**What the task asks:** Starting at the line that contains "a view of an", reproduce only the lines through the end of the data, exactly, including both the first and the last; skip the pictures.

**Recorded data:**
-- Opening Marker --
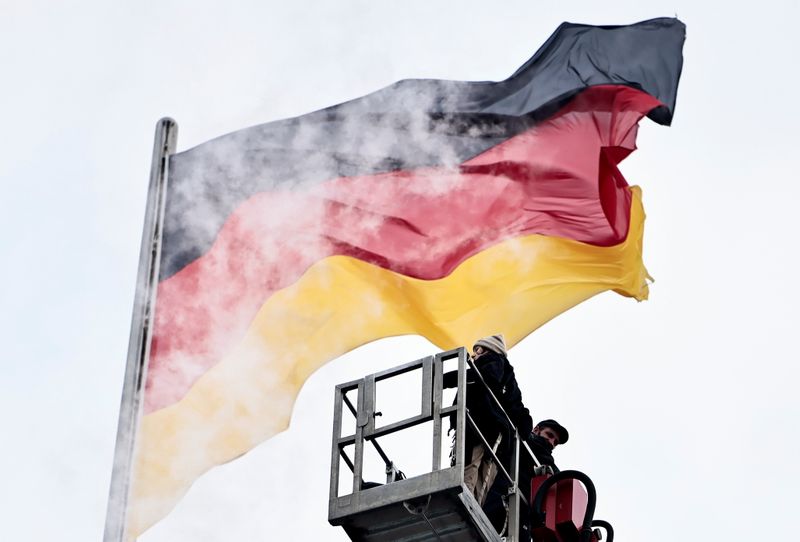 &copy; Reuters. Alcuni operai davanti a una bandiera tedesca in cima all'edificio del Reichstag a Berlino, Germania, 28 settembre 2021. REUTERS/Hannibal Hanschke
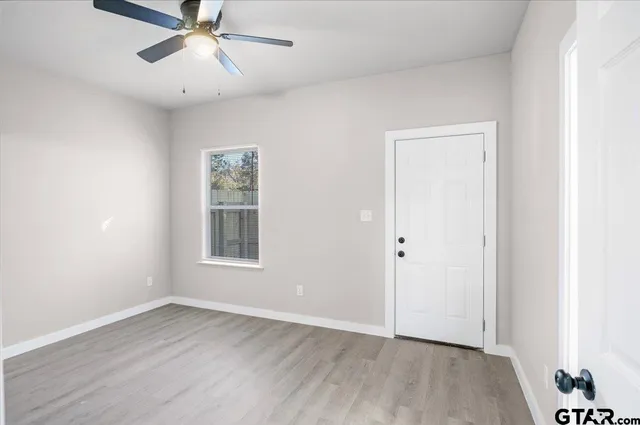 a view of an empty room with wooden floor and a window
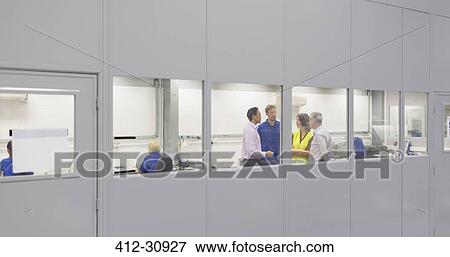 Managers and workers in steel factory office View Large Photo Image Stock Photo - Managers and workers in steel factory office. Fotosearch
-- Closing Marker --
**Result of the task:**
 a view of an empty room with wooden floor and a window
 Managers and workers in steel factory office View Large Photo Image Stock Photo - Managers and workers in steel factory office. Fotosearch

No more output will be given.